And the temple was filled with smoke,.... Not with the smoke of false doctrine and superstition; that comes out of the bottomless pit, this from God, Rev 9:2 and besides, Gospel churches will grow purer and purer, while the seven angels are pouring out the vials: but rather this may be understood of judicial blindness and hardness of heart, upon the antichristian party, which will come upon them from God in righteous judgment; so that they will not be reformed by the plagues, and vials of wrath, nor repent of their sins; but blaspheme God, who has power over the plagues, and so shall not be able to enter into the temple: or else this may design God's powerful and gracious presence in his church, in allusion to the cloud which filled the tabernacle, so that Moses could not enter; and which filled the temple, so that the priests could not minister, Exo 40:34 since this is said to be

from the glory of God, and from his power; whose presence is the glory in the midst of his church, and a covert, a protection and defence, to the saints, so that none can come into the temple to hurt them: see Isa 4:5 or rather this intends "the smoke of the anger of God", as the Ethiopic version renders it, and which is intolerable; and it may have respect not only to the wrath of God, which is insupportable, but to that great affliction which will befall the saints in those times, through the last struggle of the beast; called the earthquake, and the hour of temptation, and a time of trouble, as never the like was, and which will be shortened for the elect's sake:

and no man was able to enter into the temple till the seven plagues of the seven angels were fulfilled.

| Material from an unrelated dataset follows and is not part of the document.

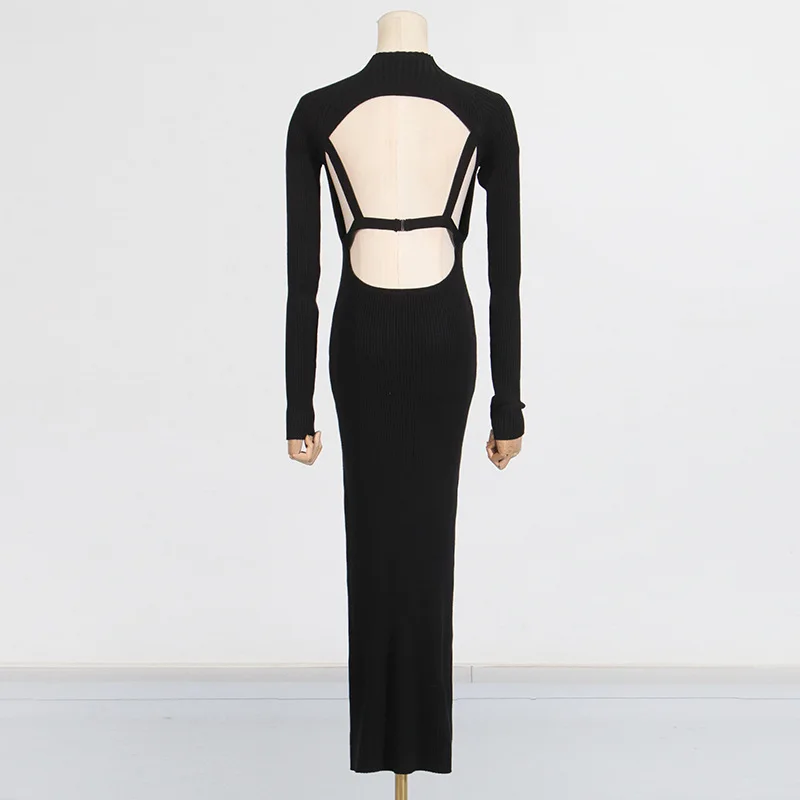 Onecozyday Women's White Ribbed Knit Midi Dress Round Neck Long Sleeve Bodycon Sweater Dress Backless Sexy Party Dresses - view 5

None of the anti-Christian party will attempt to enter in, because of their blindness and obduracy; nor can they get in to do any mischief, because the glorious and powerful presence of God is a defence against them: and this may also have some respect to the darkness of God's judgments, which will not be clearly manifest until these seven plagues are accomplished; till that time God's judgments on antichrist will remain a great deep, and be unsearchable; there will be no entering into the temple, so as fully to understand them, which is meant by going into the sanctuary of God, Psa 73:17 and this makes the interpretation of the pouring out of these vials, in the next chapter, very difficult.